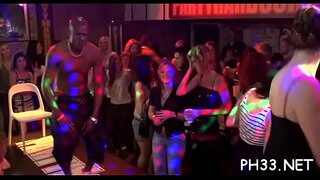 Қара шланг іздейді траха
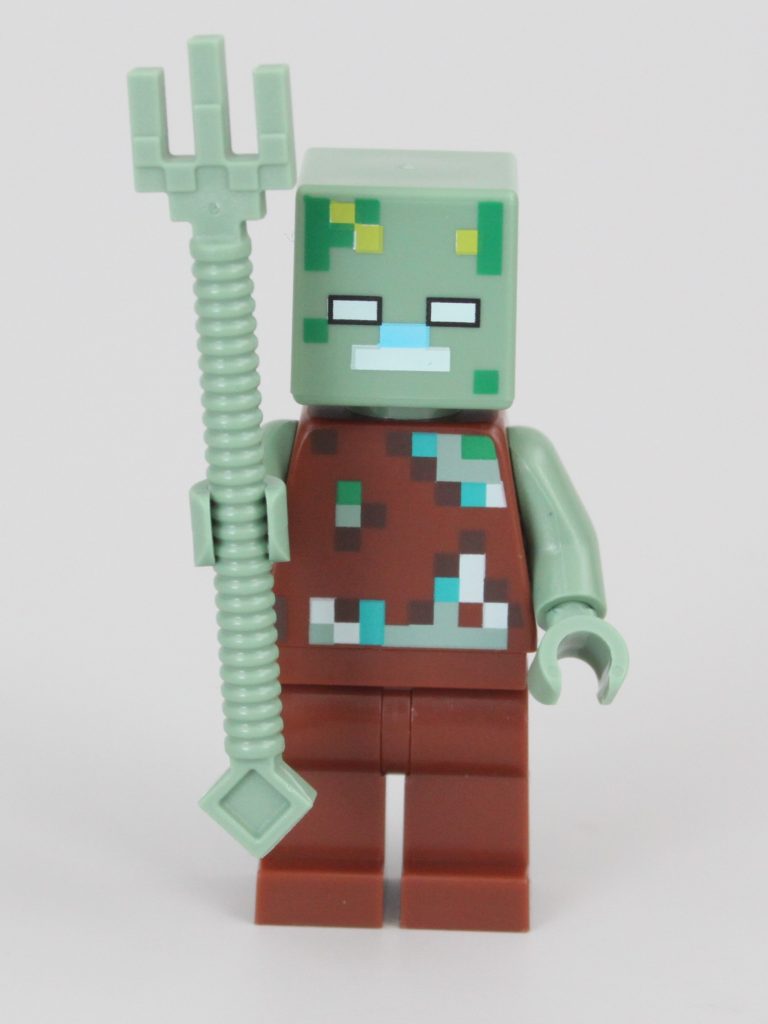 LEGO Minecraft 21254 The Turtle Beach House review 35 768x1024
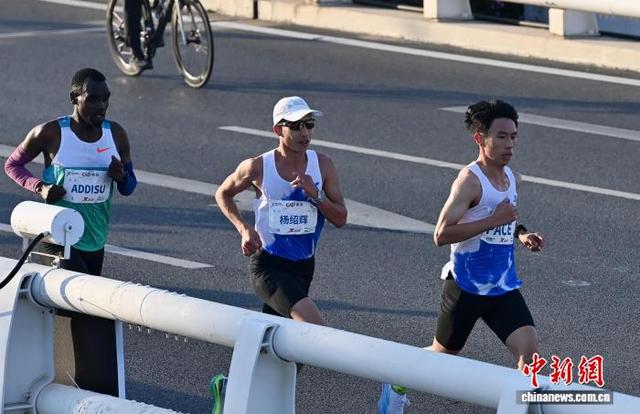 1月11日，2026年厦门马拉松开赛，中国选手杨绍辉(中)获国内男子组冠军。中新社记者 王东明 摄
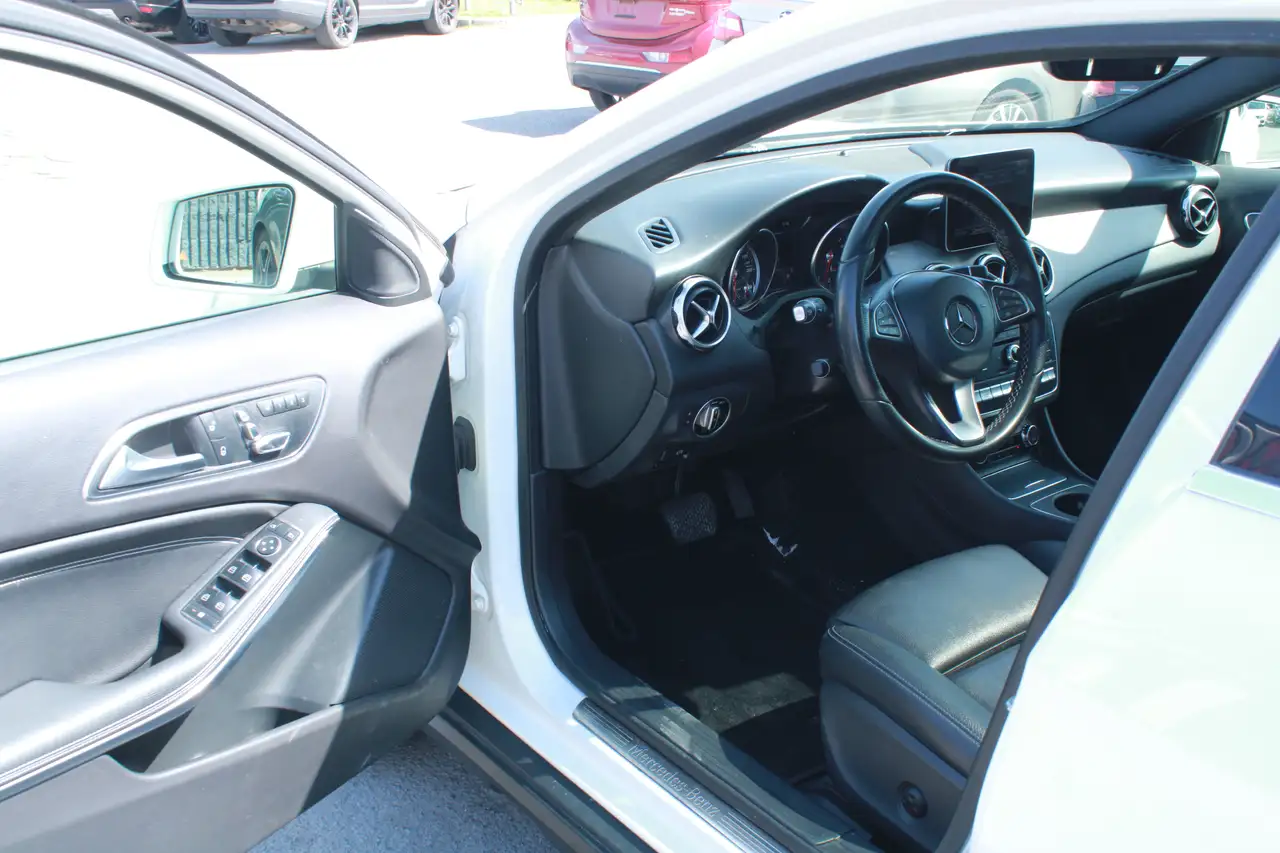 Mercedes-Benz GLA снимка Mercedes-Benz GLA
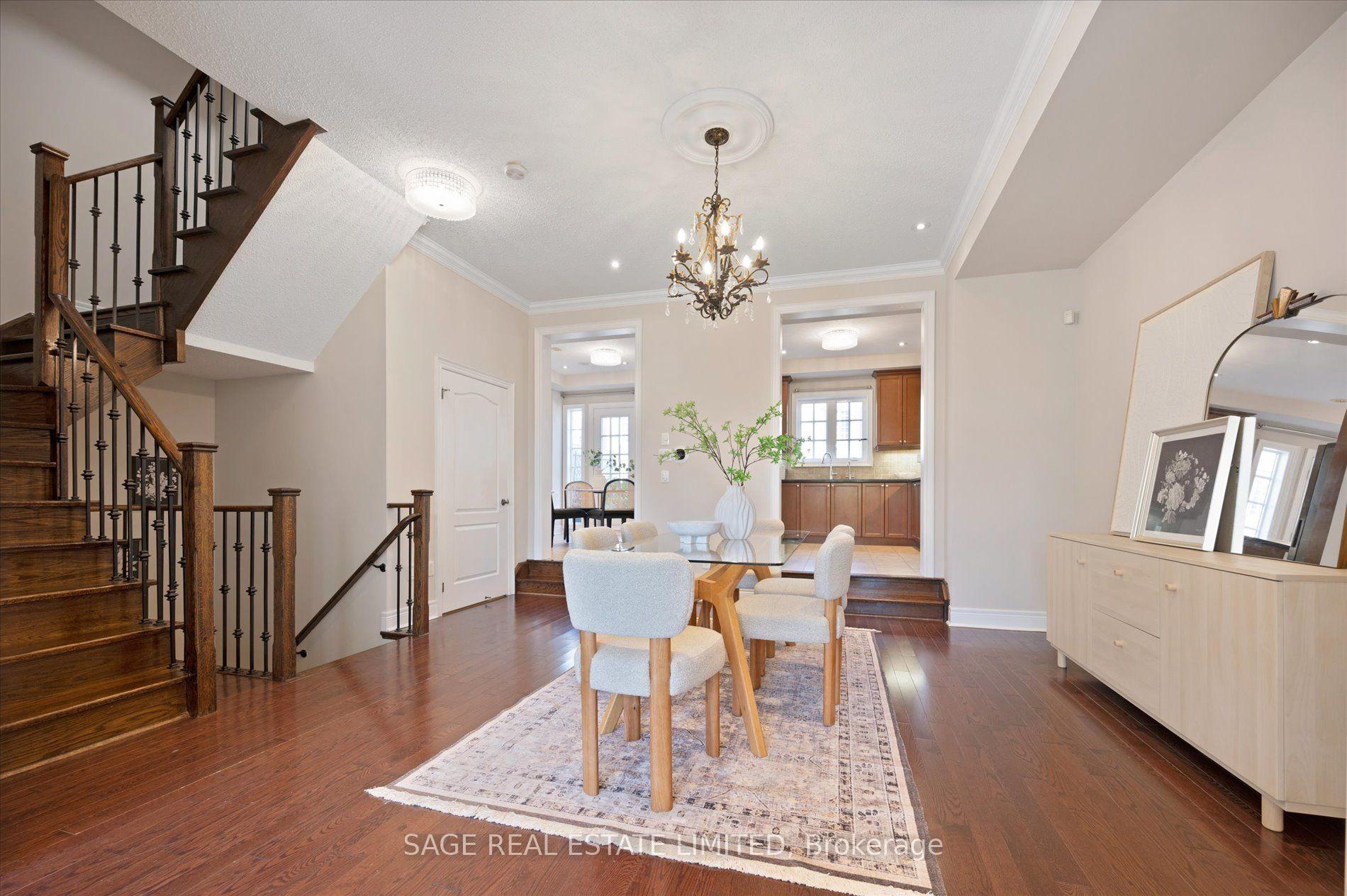 Photo 6 of 19 Roseberry Road, Markham, Unionville — HOMEH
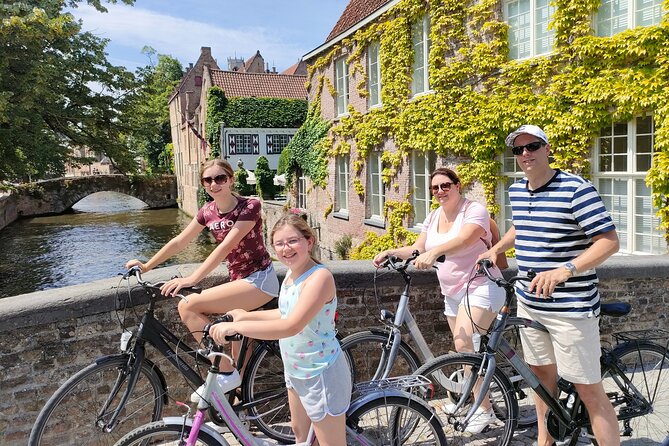 Bruges by bike with friends and family! - Stop 3: Princely Beguinage Ten Wijngaarde, quiet charm around a courtyard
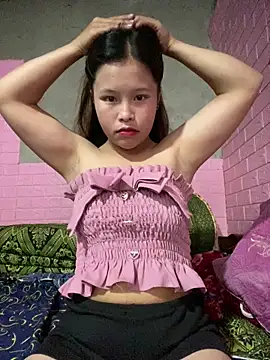 Snapshot of Hini_cute chatting on April 11, 2026, 6:29 am Hini cute online show from April 11, 2026, 6:29 am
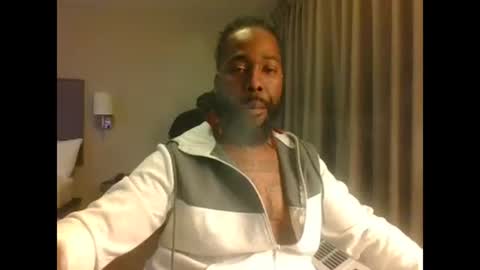 Snapshot of thotyboy68 chatting on 02/21/25, 06:29 Thotyboy online show from 02/21/25, 06:29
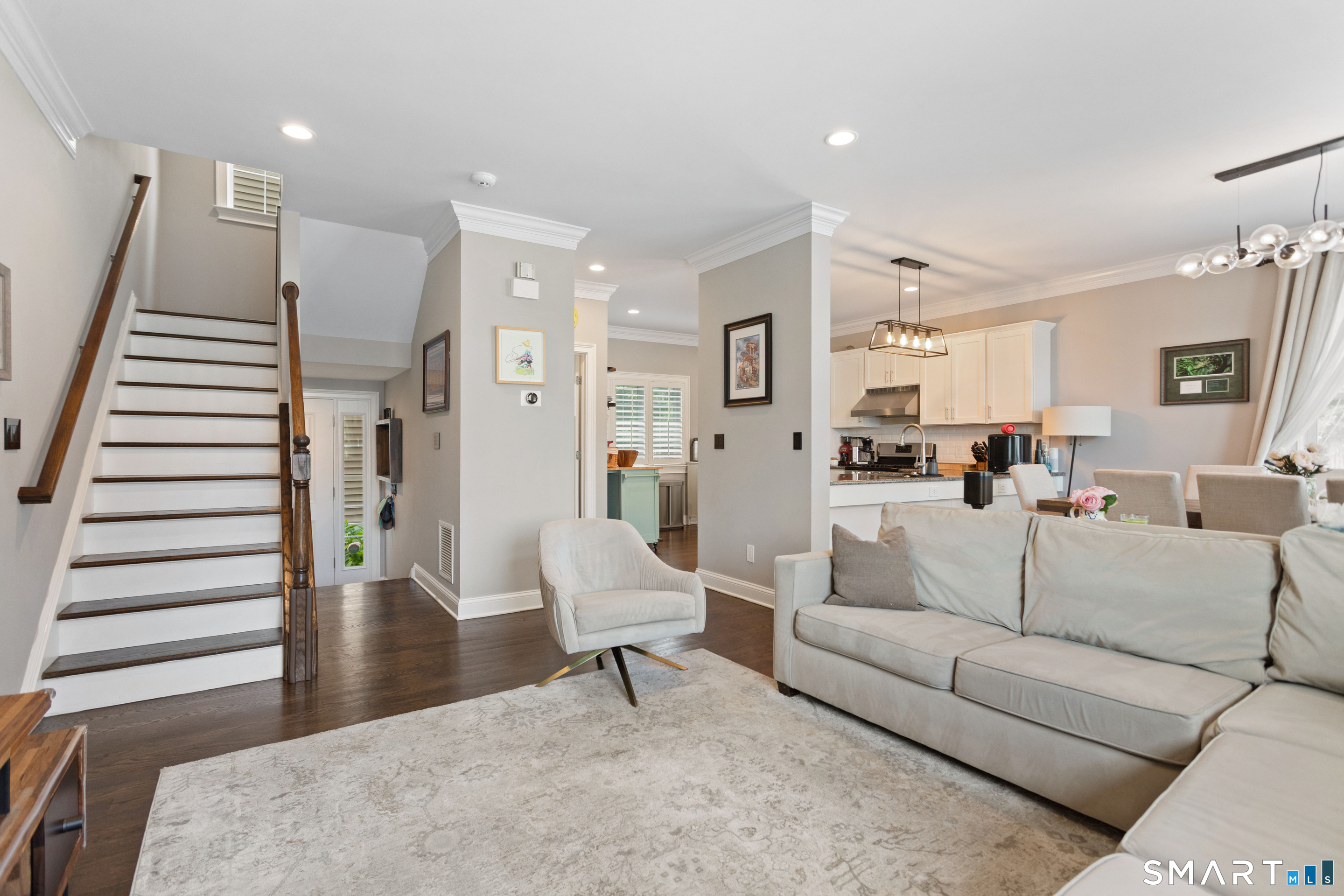 91 W Broad Street Unit: APT 13
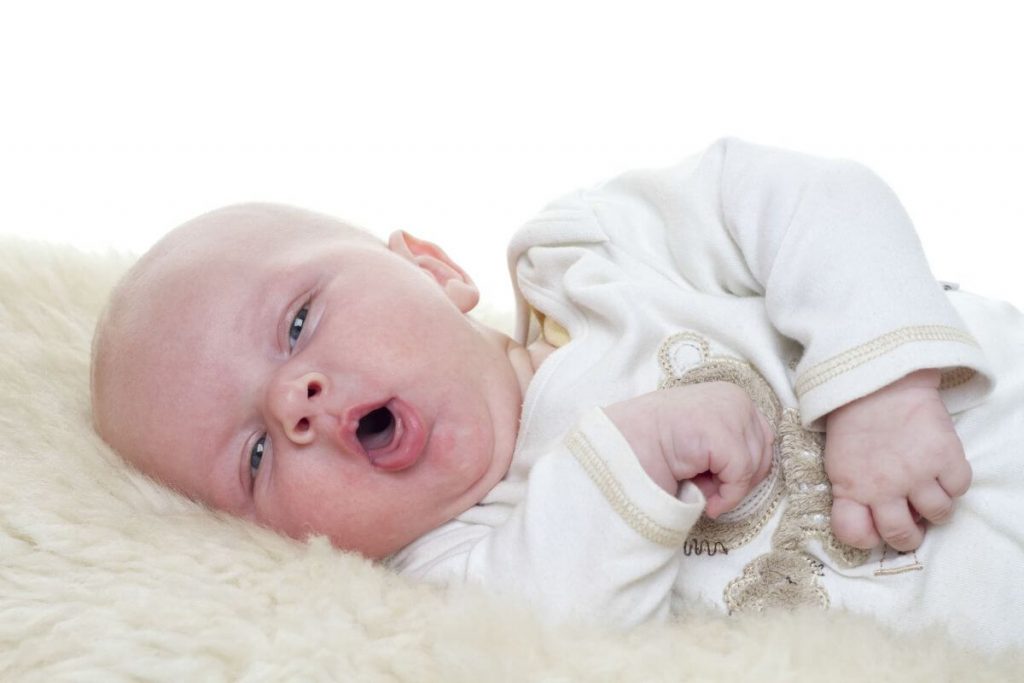 Hiện tượng trẻ sơ sinh thở khò khè và ho là rất phổ biến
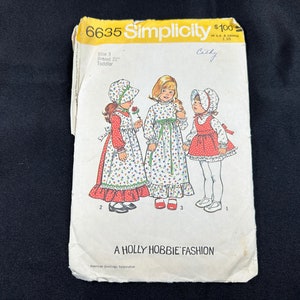 Vintage 1970s Child&#39;s Holly Hobbie Dress and Pinafore Apron in Two Lengths and Bonnet Pattern // Simplicity 6635 &gt; Size 3 &gt; prairie style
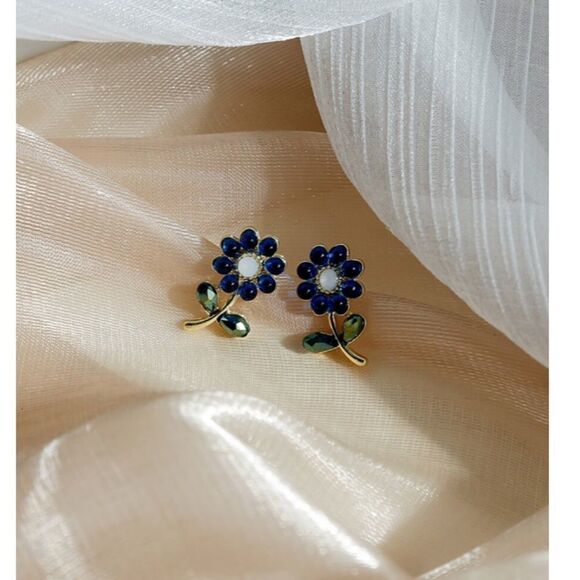 Flower Stud Earrings  - Picture 4 of 4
━━━
What is being asked -> Reproduce the data above word for word and omit the images.

Result for this task ->
 Қара шланг іздейді траха
 LEGO Minecraft 21254 The Turtle Beach House review 35 768x1024
 1月11日，2026年厦门马拉松开赛，中国选手杨绍辉(中)获国内男子组冠军。中新社记者 王东明 摄
 Mercedes-Benz GLA снимка Mercedes-Benz GLA
 Photo 6 of 19 Roseberry Road, Markham, Unionville — HOMEH
 Bruges by bike with friends and family! - Stop 3: Princely Beguinage Ten Wijngaarde, quiet charm around a courtyard
 Snapshot of Hini_cute chatting on April 11, 2026, 6:29 am Hini cute online show from April 11, 2026, 6:29 am
 Snapshot of thotyboy68 chatting on 02/21/25, 06:29 Thotyboy online show from 02/21/25, 06:29
 91 W Broad Street Unit: APT 13
 Hiện tượng trẻ sơ sinh thở khò khè và ho là rất phổ biến
 Vintage 1970s Child&#39;s Holly Hobbie Dress and Pinafore Apron in Two Lengths and Bonnet Pattern // Simplicity 6635 &gt; Size 3 &gt; prairie style
 Flower Stud Earrings  - Picture 4 of 4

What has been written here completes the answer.